Top of Data records

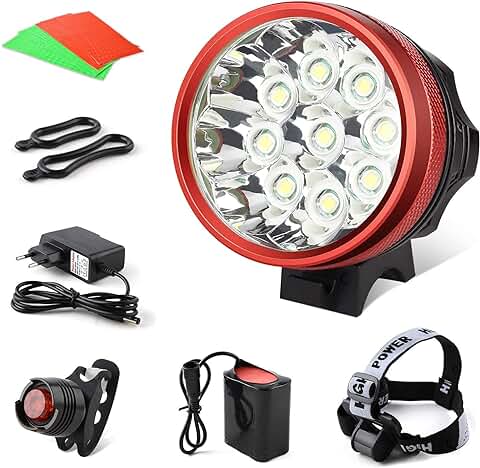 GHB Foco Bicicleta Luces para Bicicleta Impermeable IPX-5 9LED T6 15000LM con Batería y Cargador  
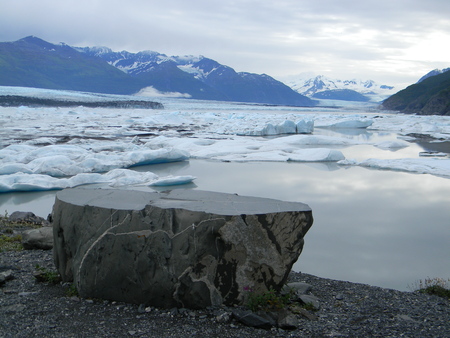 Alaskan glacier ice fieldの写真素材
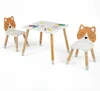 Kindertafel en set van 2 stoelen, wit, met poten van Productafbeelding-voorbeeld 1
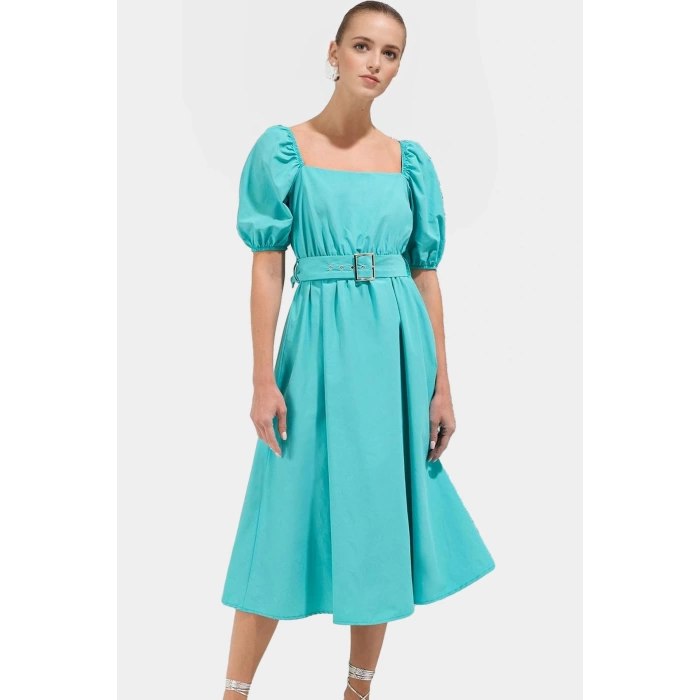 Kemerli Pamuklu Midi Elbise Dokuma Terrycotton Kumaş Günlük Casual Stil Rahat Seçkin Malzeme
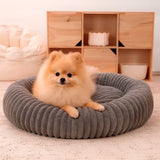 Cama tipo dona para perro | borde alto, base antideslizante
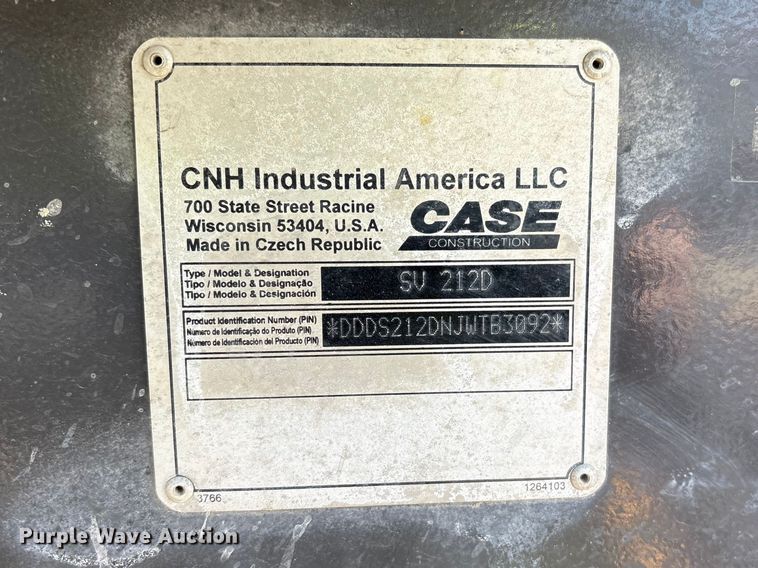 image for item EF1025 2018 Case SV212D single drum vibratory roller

Bottom of Data records
Top of Data records

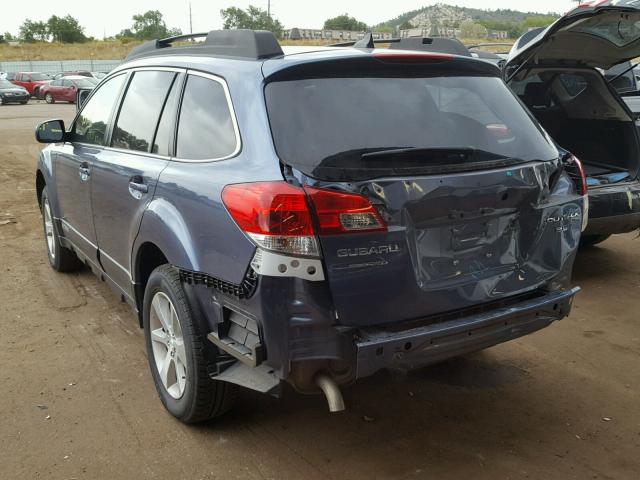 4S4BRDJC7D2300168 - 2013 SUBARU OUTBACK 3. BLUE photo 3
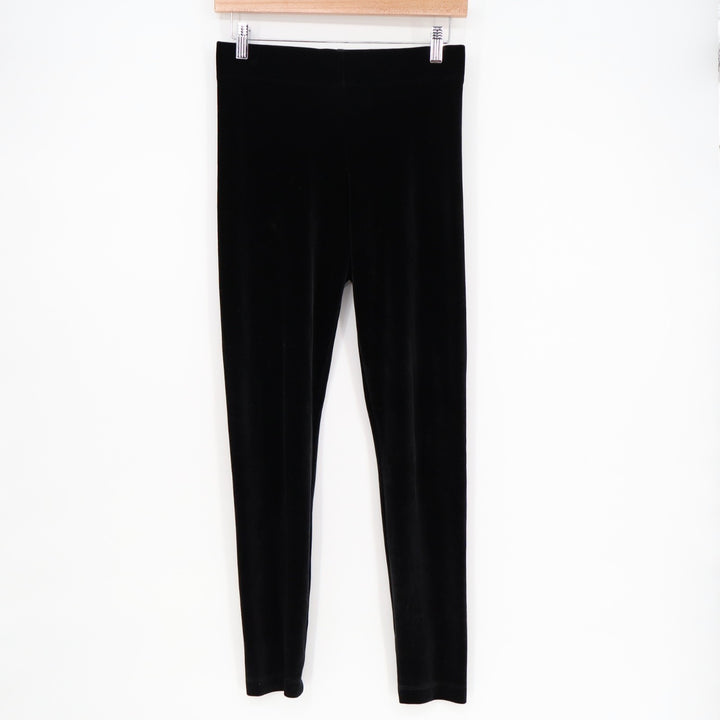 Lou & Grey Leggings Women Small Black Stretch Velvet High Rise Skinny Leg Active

Bottom of Data records
Top of Data records

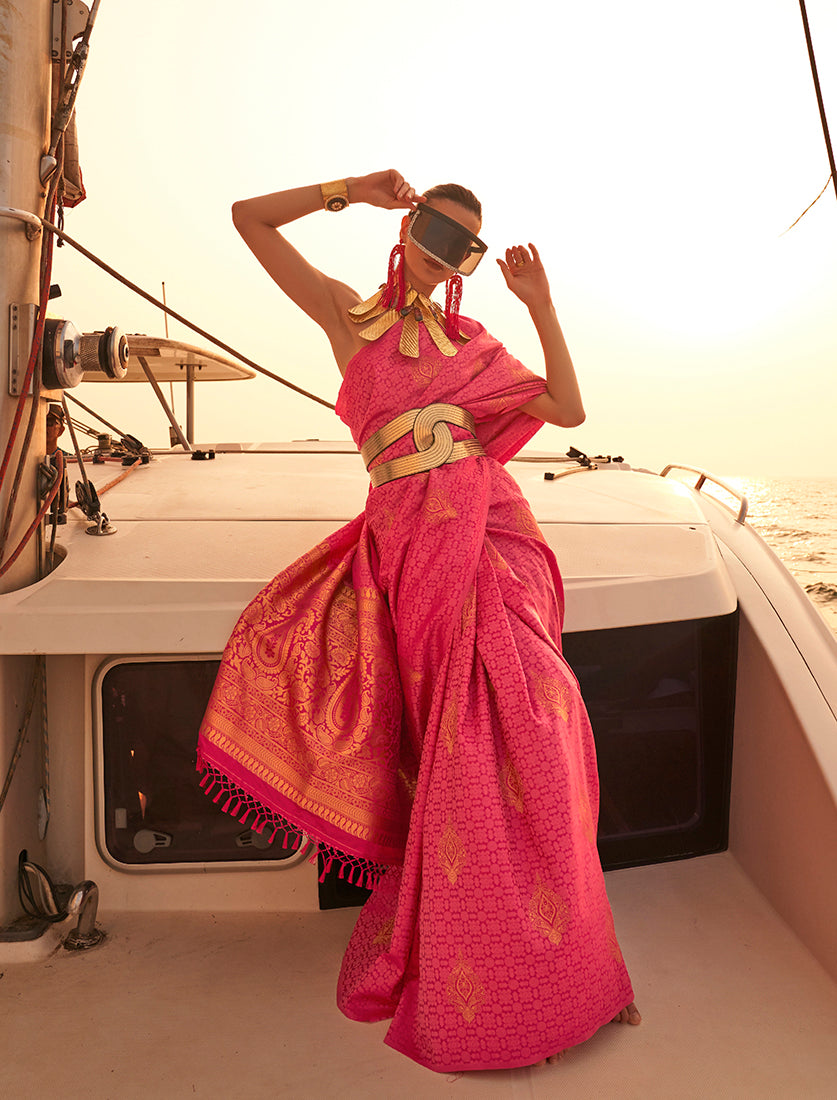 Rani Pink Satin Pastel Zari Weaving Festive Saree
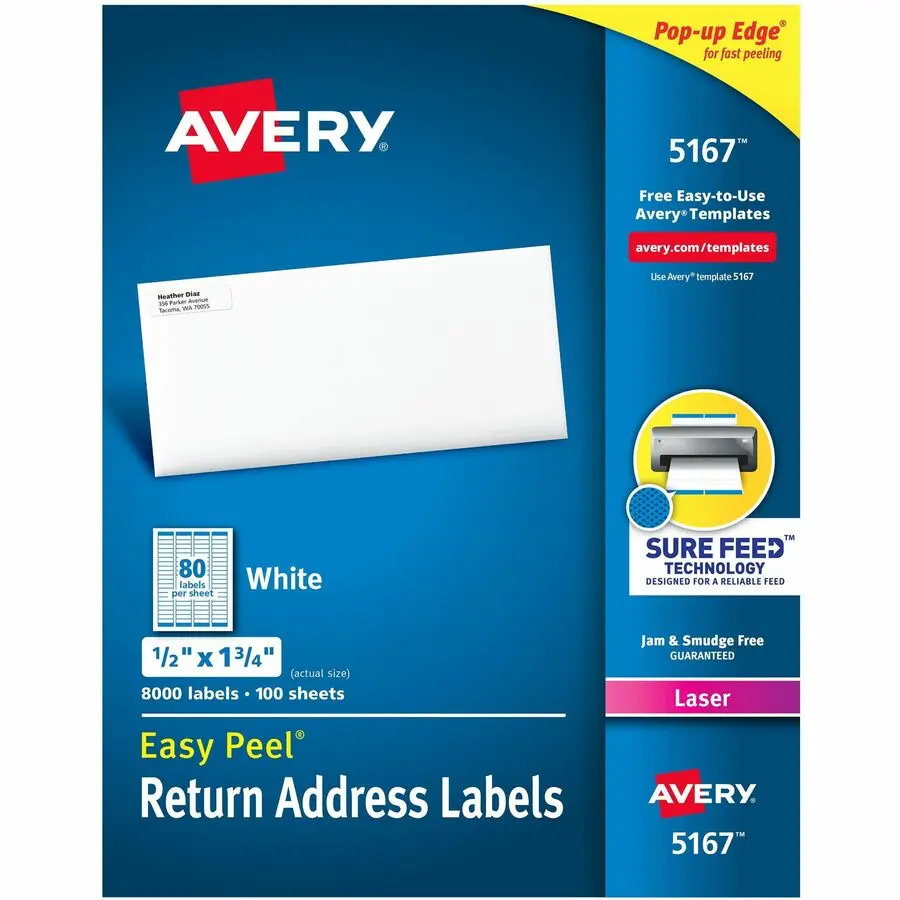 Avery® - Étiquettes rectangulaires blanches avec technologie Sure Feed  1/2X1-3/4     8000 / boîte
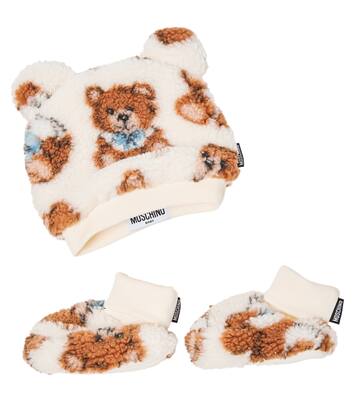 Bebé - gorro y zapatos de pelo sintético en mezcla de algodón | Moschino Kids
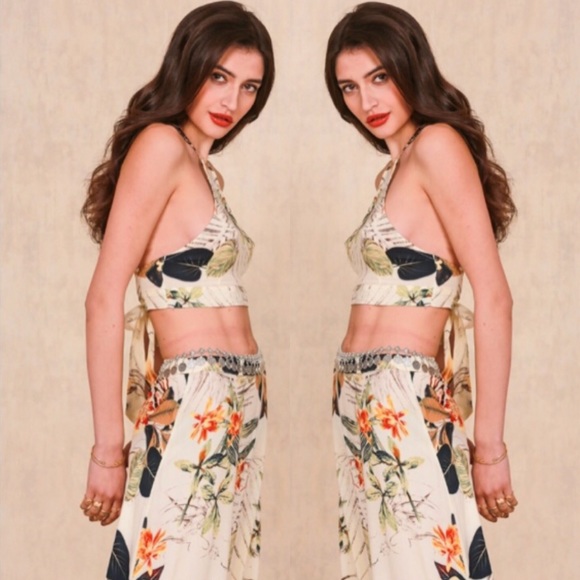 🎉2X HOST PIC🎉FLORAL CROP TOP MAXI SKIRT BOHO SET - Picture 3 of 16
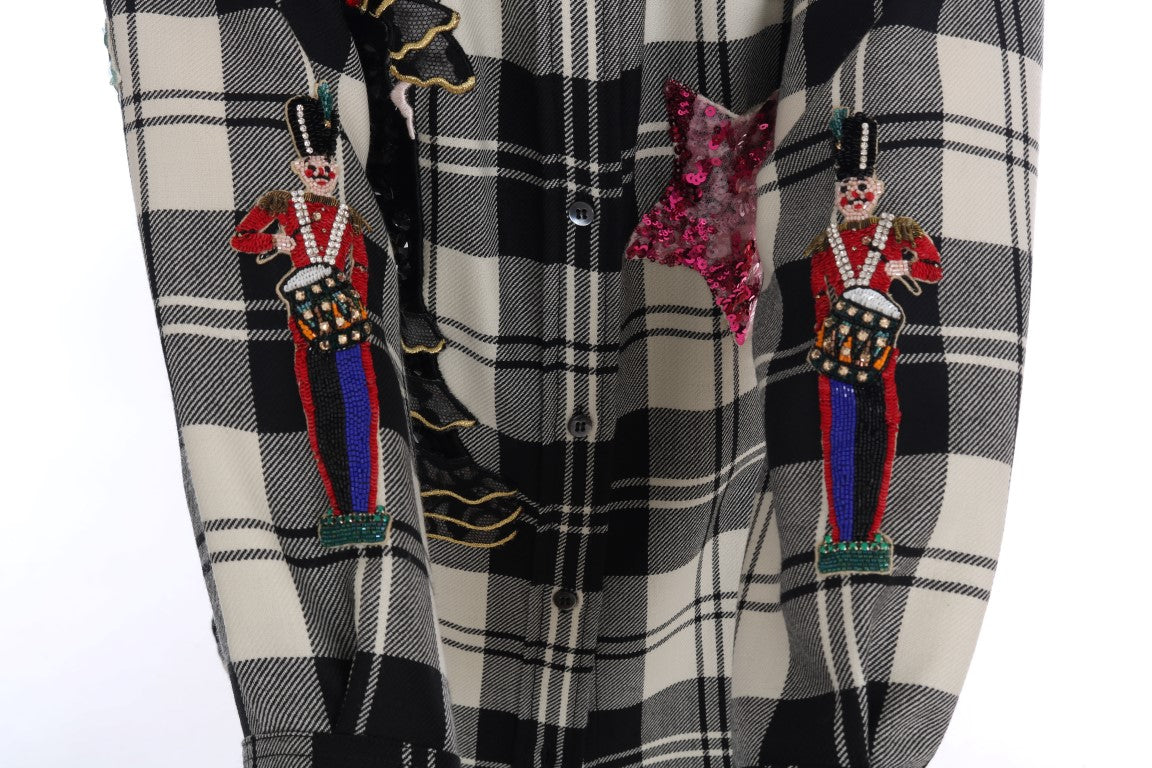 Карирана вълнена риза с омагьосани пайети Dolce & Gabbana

Bottom of Data records

Going back to the data above, write out everything from the line with "GHB Foco Bicicleta" down to the line with "image for item", both included, leaving every picture out.

Exercise output
 GHB Foco Bicicleta Luces para Bicicleta Impermeable IPX-5 9LED T6 15000LM con Batería y Cargador  
 Alaskan glacier ice fieldの写真素材
 Kindertafel en set van 2 stoelen, wit, met poten van Productafbeelding-voorbeeld 1
 Kemerli Pamuklu Midi Elbise Dokuma Terrycotton Kumaş Günlük Casual Stil Rahat Seçkin Malzeme
 Cama tipo dona para perro | borde alto, base antideslizante
 image for item EF1025 2018 Case SV212D single drum vibratory roller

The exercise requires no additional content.